Our Star Wars Obsession

Deleted lightsabers, aliens who make ice cream, and 30 years of geekery.

Very recently, the assembled geeks at Star Wars Celebration V were treated to some long-lost footage which had been left out of Return of the Jedi: a shadowy Luke Skywalker putting together his lightsaber and getting a telepathic message from daddy Darth Vader. The film clip is less than one minute long, but for countless Star Wars fans, it warranted euphoric screaming, followed by hours upon hours of careful analysis, which included harassing Mark Hamill who subsequently claimed that he never actually filmed the scene in question. Presumably, they just happened to have a stand-in with the notable Hamill chin-cleft. Or beat one up until they did.

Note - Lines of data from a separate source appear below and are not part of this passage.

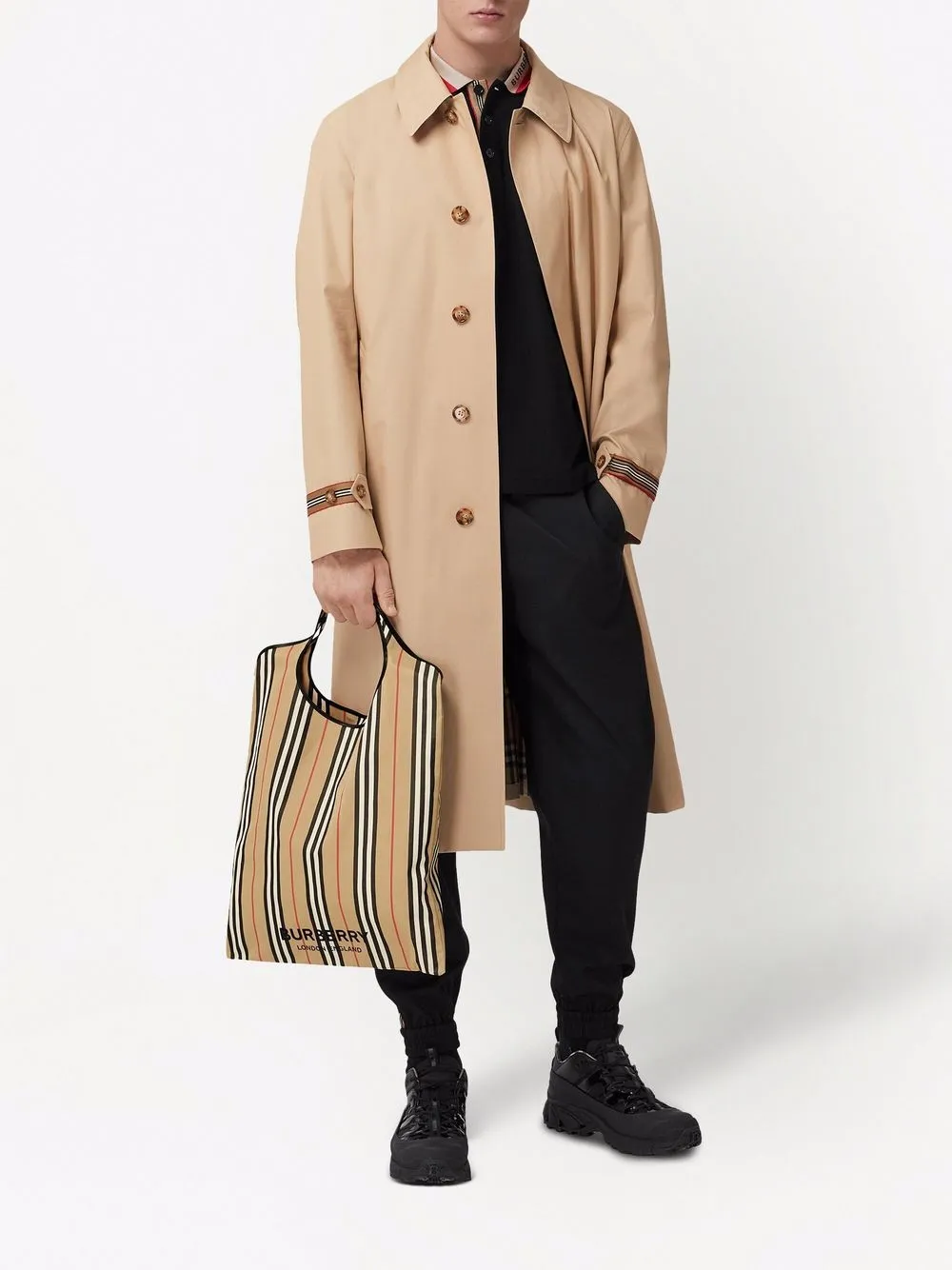 фото Burberry сумка-тоут pocket в полоску icon stripe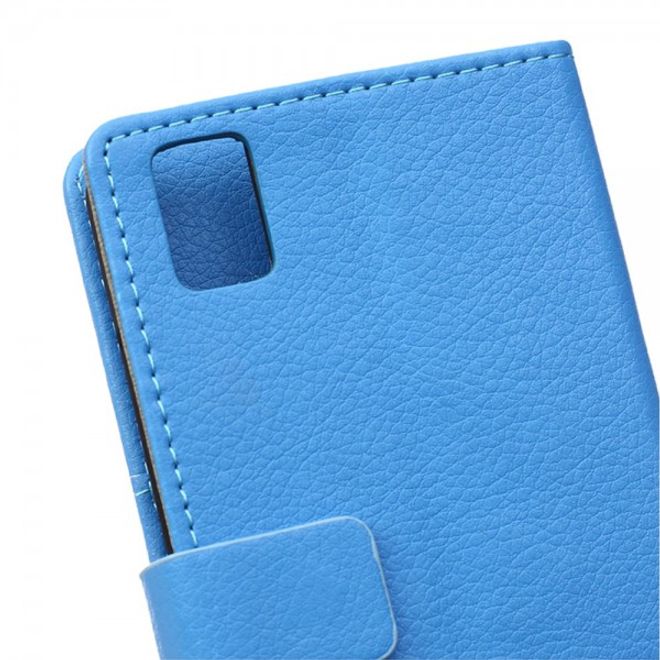 Huawei Honor 7i Leder Case Hülle mit Litchitextur und Kreditkartenslots - blau
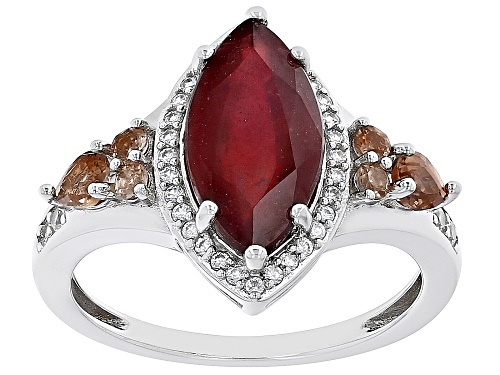 2.76ct Mahaleo® Ruby, .41ctw Andalusite With .28ctw White Zircon Rhodium Over Silver Ring - Size 6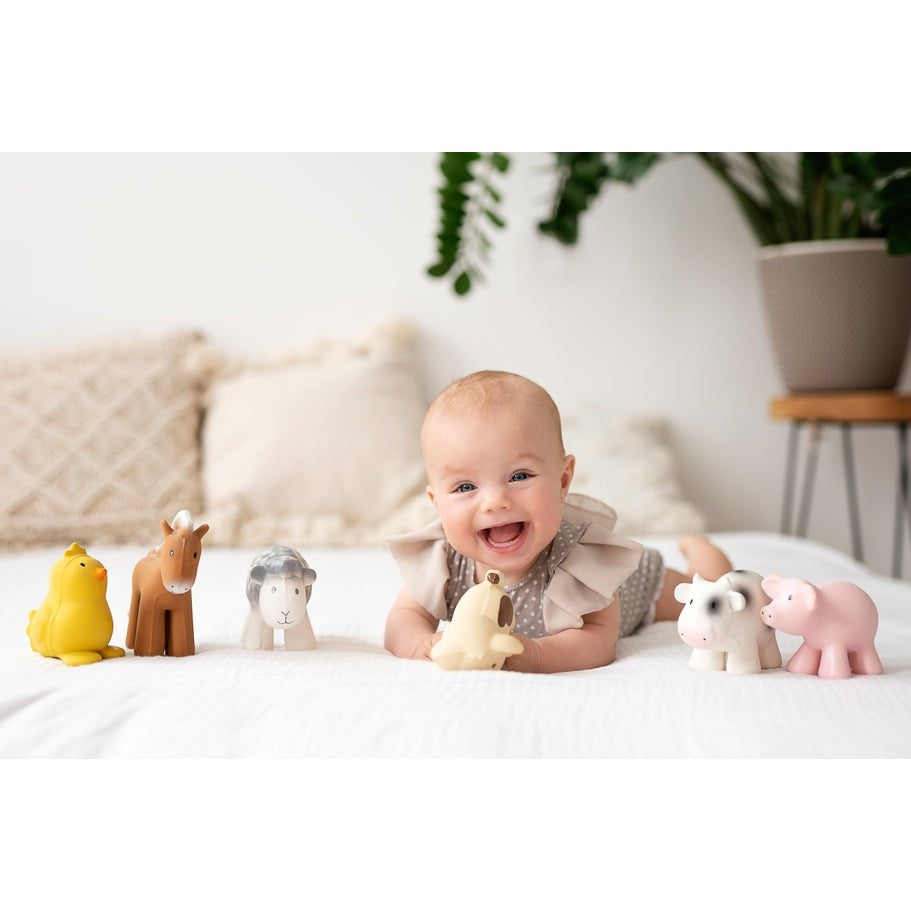 Natural Rubber Teether, Rattle & Bath Toy - Horse - HoneyBug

George Lucas is a notoriously shifty guy, especially when it comes to delivering to the fans of his work. While his dismissive temperament regarding the demands of the public seem to say a lot about his steadfast artistic integrity, the directors who worked on Star Wars alongside him have openly stated that after the first Star Wars movie was released, Lucas’ interests immediately shifted to selling toys and merchandise instead of creating a coherent narrative. Judging by other “lost” scenes in which brother-and-sister pair Luke and Leia are about to engage in a full-on makeout party, these statements about Lucas’ wavering artistic integrity are probably true.

The excitement over unearthing lost scenes from Star Wars needs a frame of emotional reference for people who don’t feel an innate sense of dedication to the whole Star Wars thing, so let me translate this into a few other languages :

It’s like Robert Plant finding a song that was left off of Led Zeppelin IV on a tape in his attic.

It’s like someone lifted up a dresser at the convent of Siessen and found a stack of M. I. Hummel drawings.

It’s like [insert thing that you really like] was enhanced by the discovery of [insert lost element of that thing].

While I enjoy Star Wars a whole lot, and have even had some professional involvement with it, I find that I’m pretty far removed from a mentality which would vocally cheer an interesting, but essentially meaningless, addition to a thing which is iconic enough by itself. It’s this pervasive desire to extract every iota of enjoyment from any given property that sometimes ruins the thing itself - and Star Wars has been extracted far beyond what its original content was able to provide. Entire books have been dedicated to the exploration of the lives of creatures which appeared in the background for literally one second. Innumerable, very sightly different DVD releases later, and alongside the current hype for fancy (but highly conditional) a Blu-Ray set, Star Wars has been completely bled dry, and Lucas has strung up the corpse to puppet like a very, very sad marionette.

There comes a point when we depend on our enjoyment of something so intensely that we force it to take on a certain obligation to us, whether it likes it or not, and it stops being enjoyable. This principle played itself out in college when I was dating a music major whose desire to dissect every audible facet of every song had completely robbed her of actually enjoying music for what it was--an imperfect art made by imperfect people. I’m now a painter, but I once refused to take any painting courses while I was in school because I didn’t want something I loved to be torn apart and put back together again in front of me. This was a process that I needed to embrace by myself and make all of the necessary mistakes along the way.

Sometimes, our love of something is predicated on the parts of it that we don’t understand or which are not completely transparent, which is an idea that dates as far back as the Old Testament: Adam watches Eve being formed from the inside-out by the hand of God and is disgusted with the process and lack of mystery about scary woman-guts. Sure, I’d love to see every Star Wars line flub, cut scene and Carrie Fisher nip-slip - but I’m not going to pay extra for it. It’s like paying admission to enter a gallery where the artist only puts his palettes on display. We know that they exist--do we really need to cheer them?